The prospect of liquidation had loomed large on Monday when the Supreme Court put the brakes on Chrysler's emergence from Chapter 11. But the visions of a messy unbundling of the venerable automotive giant melted away on Tuesday evening after the high court declined to extend the stay imposed by Justice Ruth Bader Ginsburg.

The Supreme Court had issued the stay to consider objections to the capital structure of the revived company that were made by Indiana's pension agency, a secured creditor that got bumped from the normal bankruptcy pecking order in the U.S. government-sponsored reorganization. The United Auto Workers, which is further down the priority list, ended up with 55% of the proposed Chrysler-Fiat combination, which is scheduled to close June 15. Chrysler's largest secured lenders will get $2 billion at the closing; they were owed $6.9 billion. (See the top 10 Chrysler moments.)

It is not unusual for employees to get priority in a bankruptcy. "Even in an ordinary case, employees are treated differently than general creditors," says David Skeel, professor of corporate law at the University of Pennsylvania and a bankruptcy expert. What's unusual here, he says, is how sweet the deal seems to be for the union. "The deal favors employees and particularly retirees — and they do look like an ordinary creditor. It looks extraordinarily generous." It's also odd that the U.S. government was effectively on both sides of the negotiating table, he adds.

But shoving aside some creditors is also par for the bankruptcy course. "It's not like this would be the first time that different classes got crammed down, effectively," says Kimberly Rodriguez, co-leader of global automotive services at Grant Thornton LLP. Chrysler is what's known as a 363 case, in which judges have wide discretion over distributing assets. "You have different restructuring plans and offers in a 363 field," she says. "A judge might accept a lower number than a higher number in a 363 with a group that has longer term viability." (Watch a video about an optimistic Dodge dealer.)

That would be Fiat. The company has offered to take on Chrysler and voiced its determination to close the deal despite the Supreme delay. And why not? The Italians are getting Chrysler for virtually nothing. "Daimler walked away from Chrysler, and a private equity firm [Cerberus Capital] essentially walked away from it. But this makes a lot of sense to Fiat," says Jim Angel, associate professor of finance at the McDonough School of Business at Georgetown University. "It gives them product they can sell other places, plants to make other stuff."

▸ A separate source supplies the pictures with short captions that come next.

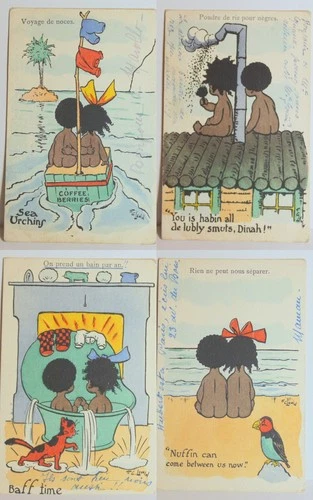Lot of 4 "A Clifton" Postcards Written by F. G. Lewin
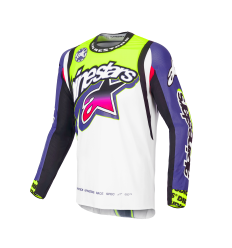 Camiseta Alpinestars Supertech Sx Dirt Studios Blanco Purpura Amarillo Fluor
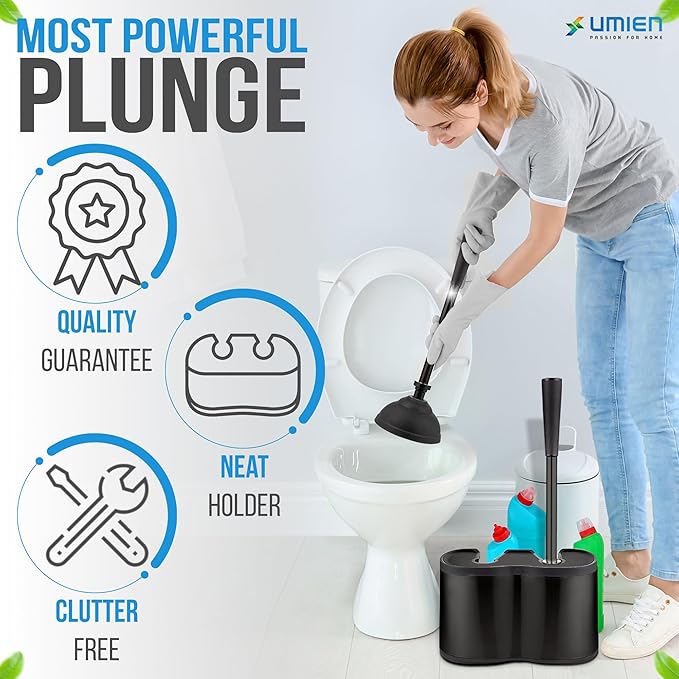 UMIEN Toilet Brush and Plunger Set 18-in - Image 6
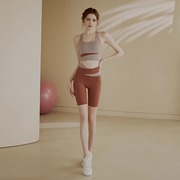 lulu瑜伽服套装女夏网红普拉提训练服跑步健身五分裤运动套装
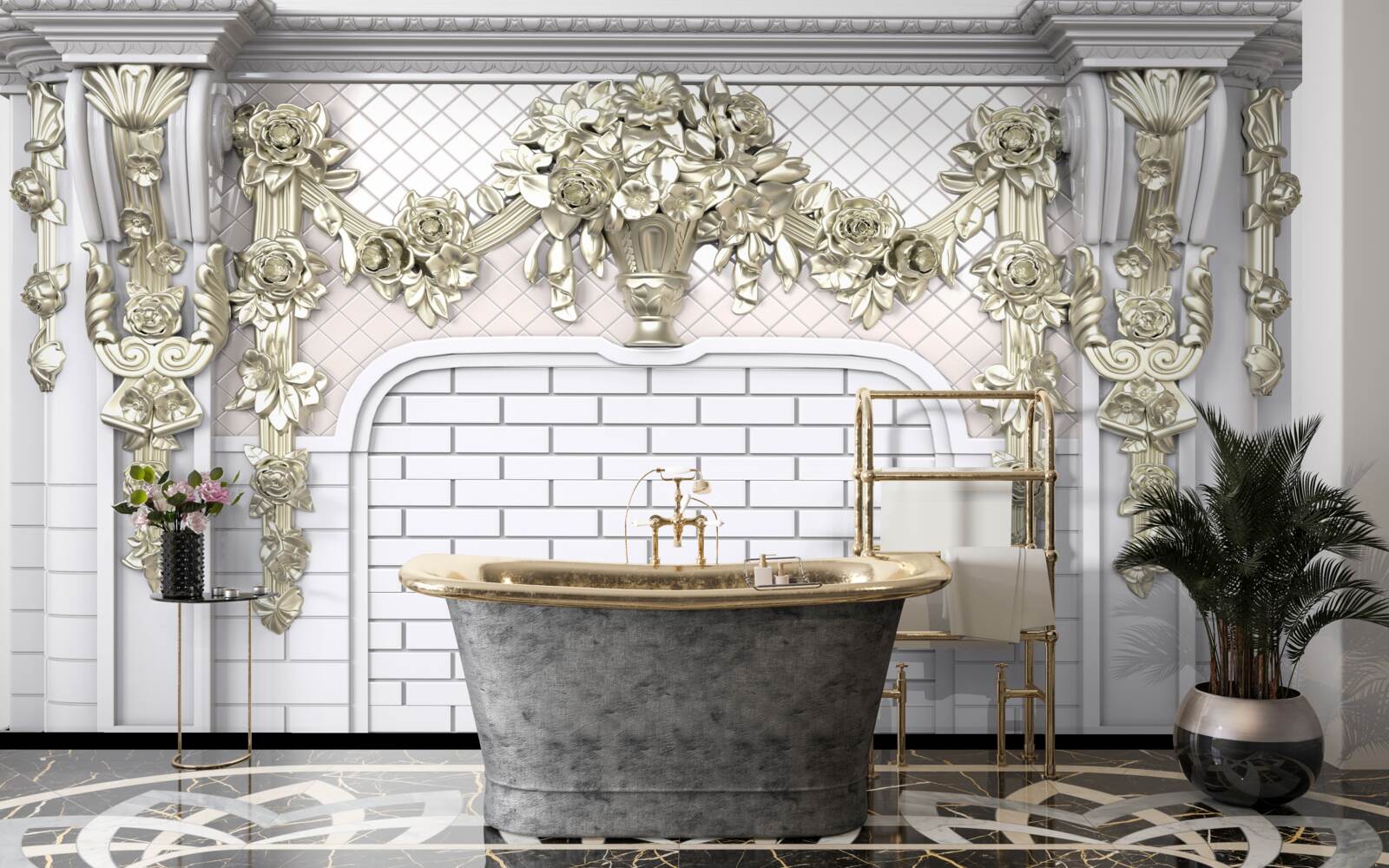 Fototapeta kominek, bogato zdobiony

If Chrysler had gone into liquidation, creditors most likely would have gotten less than they are being offered now — the real estate market is glutted as the nation's old industrial base downsizes. Roger Penske, the chairman of the Penske Automotive Group, who lined up to buy Saturn from GM, has said there are plenty of opportunities to buy assets for those willing to take the risk. But the line is not a long one, restructuring experts suggest. Potential buyers of Chrysler's industrial plants would have offered only pennies for the equipment and property, says Van Conway of Conway, Dunleavy and Mackenzie.

That's why General Motors announced this week it is dumping its medium-duty truck business at the end of July. "After four years of working with multiple potential buyers, General Motors has decided to wind down its medium-duty truck operations," the company said in a statement. Last August, Navistar, a Chicago-based truck company, backed out of a deal to acquire GM's medium-duty trucks. Production of the Chevy Kodiak and GMC Topkick will cease by July 31. Even the Jeep brand name, arguably Chrysler's most valuable property, might be a wasting asset as the clock ticks. GM, for instance, thought it could get $2 billion for Hummer but had to settle for $200 million. (See 10 milestones on GM's road to bankruptcy.)

If the Supreme Court had held up or rejected the bankruptcy reorganization, the ultimate losers would have been Chrysler's retirees. Fiat has already agreed to take the hourly and salaried pension funds, which have 100,000 direct beneficiaries, into the new company created by the court-approved sales in the bankruptcy. Liquidation would most certainly have pushed the pension fund into the arms of the Pension Benefit Guaranty Corp. (PBGC), which would have left many retirees with much smaller pension checks than they now receive.